In the early months of our marriage, my husband and I had a recurring fight that I didn’t completely understand. We would often go on long jogs together at twilight (oh, those simpler, pre-baby days!) and when we did, we would sometimes become separated as my husband’s long strides outpaced my shorter ones.
In the lengthening dark, I would run just the way I liked. I would take different paths sometimes and turn around whenever I felt tired, assuming Ben would meet me back at the car when he finished his own route. But when he doubled back and didn’t find me on the path, he would get worried that something had happened to me. The paths we took were isolated and woodsy, and he felt that, as my husband, he was responsible for my safety. Why couldn’t I tell him what I planned to do ahead of time, or wait until he joined me to turn back?
I, on the other hand, thought this was ridiculous. After years of running in the dark by myself, I couldn’t understand why I suddenly had to worry about his worries. I could take care of myself. I always had.
My fierce independence stretches back as long as I can remember. I got my first paying babysitting job at ten after wearing my parents down with begging and promises. I was taking public transportation all across my Boston suburb by 11. By 13, I was flying across the country to camps on plane tickets I had paid for myself.
I worked my way through college and made my money count, sometimes getting by with less than $20 in my checking account.

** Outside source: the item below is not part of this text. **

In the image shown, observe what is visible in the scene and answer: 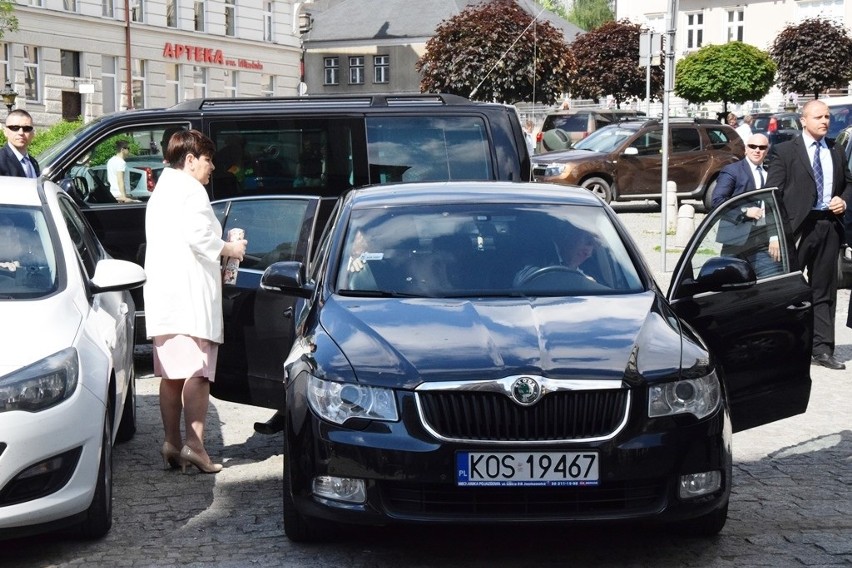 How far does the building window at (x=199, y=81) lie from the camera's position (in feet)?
201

And, I felt, I had always been able to look out for my own safety, despite my stint living by myself in a shady part of Brooklyn or the time I got carjacked behind my house in Washington, D.C.

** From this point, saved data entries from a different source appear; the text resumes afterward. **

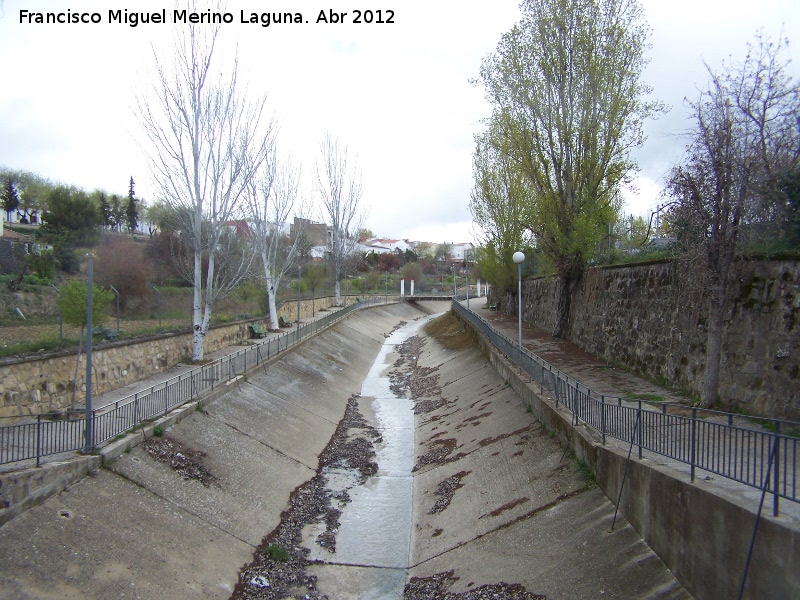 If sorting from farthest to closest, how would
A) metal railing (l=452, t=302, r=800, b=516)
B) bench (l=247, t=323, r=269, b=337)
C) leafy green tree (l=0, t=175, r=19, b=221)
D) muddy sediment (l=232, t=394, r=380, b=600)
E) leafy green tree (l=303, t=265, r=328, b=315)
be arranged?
leafy green tree (l=0, t=175, r=19, b=221) → leafy green tree (l=303, t=265, r=328, b=315) → bench (l=247, t=323, r=269, b=337) → muddy sediment (l=232, t=394, r=380, b=600) → metal railing (l=452, t=302, r=800, b=516)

Getting married had entered me into a little chain of dependency, and I found myself gritting my teeth every time I relinquished a bit of my autonomy. Joining bank accounts and learning to share my schedule and my plans with my husband were especially hard.
But as much as I prized my independence, I began to realize that there were things worth sacrificing it for. When I began to check with him as I made plans, we built trust. When I allowed him to care for me and protect me, even in little things like an evening jog, we bonded and grew more affectionate. Allowing him to do these things didn’t make me any less capable, but it did reinforce the fact that I needed him, and we needed each other.
It’s still a struggle. With the recent birth of our daughter, I found myself in a tight little chain of dependency. The baby depended on me for feeding and constant care, while I leaned heavily on my husband for support and strength during post-partum exhaustion. I was inextricably linked to two people, and that scared me.
But it’s also safe and cozy to know that we’re connected, and that there’s someone who will help and support me no matter what the future brings. It’s a beautiful comfort that I don’t have to do it all by myself, whether or not I think I could.
Now, on those rare occasions I do get out to run at twilight, I think of Ben and his concern for me. And instead of feeling stifled, I feel loved.